Des préludes pour Rostropovitch
Dernier concert, ou quasi, du dimanche. Dans une salle à moitié vide, et c'est un peu un scandale. Mais tous les Parisiens, tous les non-Nantais plutôt, sont repartis. Gidon Kremer, lui, est là. Seul en scène. Une heure de violon, les inconnus "24 préludes" de Mieczyslaw Weinberg, l'ami de Chostakovitch. Il y avait pour piano les "24 préludes" de Chopin, pour violon les "24 caprices" de Paganini. Weinberg écrit ses "Préludes" pour le violoncelle de Rostropovitch et c'est Kremer lui-même qui les a transcrits pour son violon. Cela crisse, cela grince, c'est râpeux et inconfortable, cela joue sur toutes les expressions de l'instrument et Kremer est un maître de contrôle de soi, de précision, de densité sonore. Lunettes sur le nez, une mèche blanche en auréole, chemise noire à la cosaque.
On entend à un moment l'hommage à l'ami de Weinberg, Chostakovitch: une citation du premier concerto pour violoncelle. Chostakovitch que Kremer a tant joué...
Images volées au quotidien de l'Union Soviétique
Mais l'idée magnifique de Gidon Kremer est d'accompagner son concert de photos. Non comme du cinéma en musique, mais parce que l'oeuvre de Weinberg et lesdites photos, du Lituanien Antanas Sutkus, sont des mêmes années 60. Images de l'homo sovieticus, qui provoque en nous une émotion voisine de celles de Roman Vichniac sur les communautés juives de Lituanie ou d'Ukraine dans les années 30. Certes la charge émotionnelle n'est pas exactement la même dans la mesure où l'on suppose que les personnages de Vichniac ont été exterminés lors de l'arrivée des nazis; il n'empêche: ceux de Sutkus essayaient pour la plupart de vivre une vie décente, ils ont été confrontés à l'écroulement de leur monde, un monde qu'ils ont subi, dont ils n'étaient pas forcément responsables.

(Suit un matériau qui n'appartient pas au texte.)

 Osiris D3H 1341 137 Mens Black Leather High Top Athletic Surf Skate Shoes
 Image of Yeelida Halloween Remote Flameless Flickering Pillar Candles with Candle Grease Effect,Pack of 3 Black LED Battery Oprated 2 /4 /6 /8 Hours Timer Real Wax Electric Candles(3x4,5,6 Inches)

Mais les photos de Sutkus ne sont pas misérabilistes, non. Elles sont comme volées au quotidien, scènes cocasses, parfois douces, parfois ensoleillées, pour nous dire qu'il pouvait y avoir des sourires sous ce régime-là. Avec aussi évidemment de l'amertume, la pauvreté qui passe, un homme en grand manteau, assis, épuisé, une vieille travailleuse nettoyant un trottoir, l'alcoolisme d'une jeune femme qui affleure; parfois avec des accents de modernité comme ces jeunes, garçons et filles à l'occidentale, sur une moto. Cela ne durera pas. Il y a aussi des enfants. Petit frère et grand frère. Deux grands bébés hilares dans une bassinoire. Un jeune pionnier, crâne rasé, avec son foulard rouge en noir et blanc. Et ce groupe de petites filles assises devant une forêt.
Et puis une adolescente, blonde et inquiète, le foulard sur la tête, derrière un grillage qui l'enveloppe. Elle est entourée d'autres femmes, on ne sait pas où elles sont, entre prison et liberté, protection et surveillance.
On garde ce visage en nous.
A la fin le public fait une standing ovation à Kremer.
Pour ce concert-là. Et pour tous les autres.
- Gidon Kremer, violon: 24 préludes de Weinberg avec projection de photos d'Antanas Sutkus.